C’est le cas des ethnies Chins et Kachins dans le nord de la Birmanie. Là-bas, des guérillas se rebellent contre l’armée. Elles se procurent des armes, tuent de nombreux soldats, elles commettent aussi des actes de sabotage, en coupant par exemple les communications militaires. 

La junte redoute que ces combattants s’unissent et mènent des actions communes avec la mouvance armée de l’opposition, baptisée « Force de défense populaire », qui appelle tous les Birmans à la rejoindre. 

C’est pour cette raison que le régime putschiste mène actuellement autant d’opérations contre des civils, des petits groupes, parfois des villages entiers soupçonnés de soutenir la résistance. 

Les affrontements se multiplient, et deux camps fourbissent leurs armes. Il y a aujourd’hui un risque important de guerre civile en Birmanie, à l’abri des regards qui plus est, car aucun journaliste étranger ne peut accéder au pays (le Prix Bayeux des correspondants de guerre a couronné pour la première fois samedi 9 octobre un lauréat qui veut rester anonyme, un photographe birman qui a couvert la mobilisation contre le régime).

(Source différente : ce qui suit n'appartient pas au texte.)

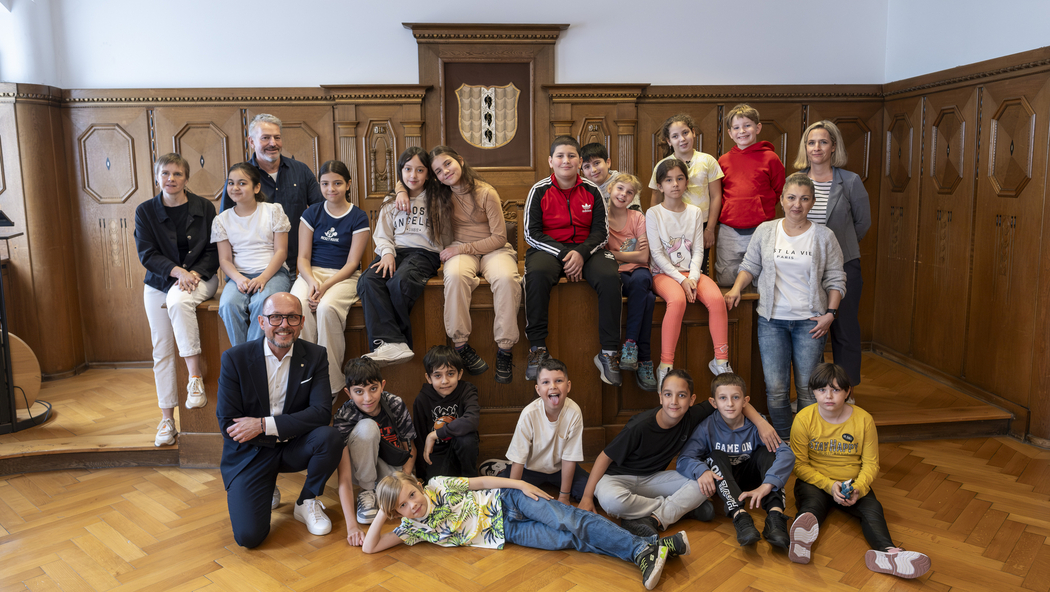 Das Bild zeigt die Schulklasse 3b der Volksschule Schendlingen beim Besuch im Bregenzer Rathaus. Die Kinder sitzen im Stadtvertretungszimmer um einen hölzernen Tisch zusammen mit ihren Lehrer:innen und Bürgermeister Michael Ritsch.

Face à la crise, la communauté internationale est comme souvent impuissante.

La junte birmane peut compter sur des soutiens de poids, dont bien sûr la Chine et la Russie. 

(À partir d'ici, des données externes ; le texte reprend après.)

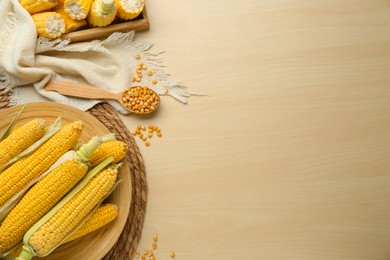 Photo of Tasty fresh corn cobs on wooden table, flat lay. Space for text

L’ASEAN met la pression sur la junte

Les grandes puissances ne parviennent pas à s’entendre.

On en a eu la preuve en septembre lors de l’Assemblée générale de l’ONU. Les Etats-Unis, la Chine et la Russie ont trouvé un accord pour que personne ne puisse prendre la parole au nom de la Birmanie, ni un représentant du gouvernement tombé en février, ni un responsable de la junte. 

Une action concrète pourrait venir de l’ASEAN, qui regroupe 10 pays d’Asie du sud-est. Ses membres discutent d’une possible exclusion du chef de la junte birmane, Min Aung Hlaing. Ils n’apprécient pas que leur envoyé spécial ne puisse pas rencontrer Aung San Suu Kyi, accusée de sédition et de corruption. L’ex-dirigeante témoignera pour la première fois à son procès à la fin du mois. 

En avril, l’ASEAN a présenté un plan en 5 points pour résoudre la crise et faciliter notamment l’arrivée de l’aide humanitaire.  

La junte ne montre pour le moment aucun signe de bonne volonté, et semble donc choisir la manière forte pour imposer son autorité.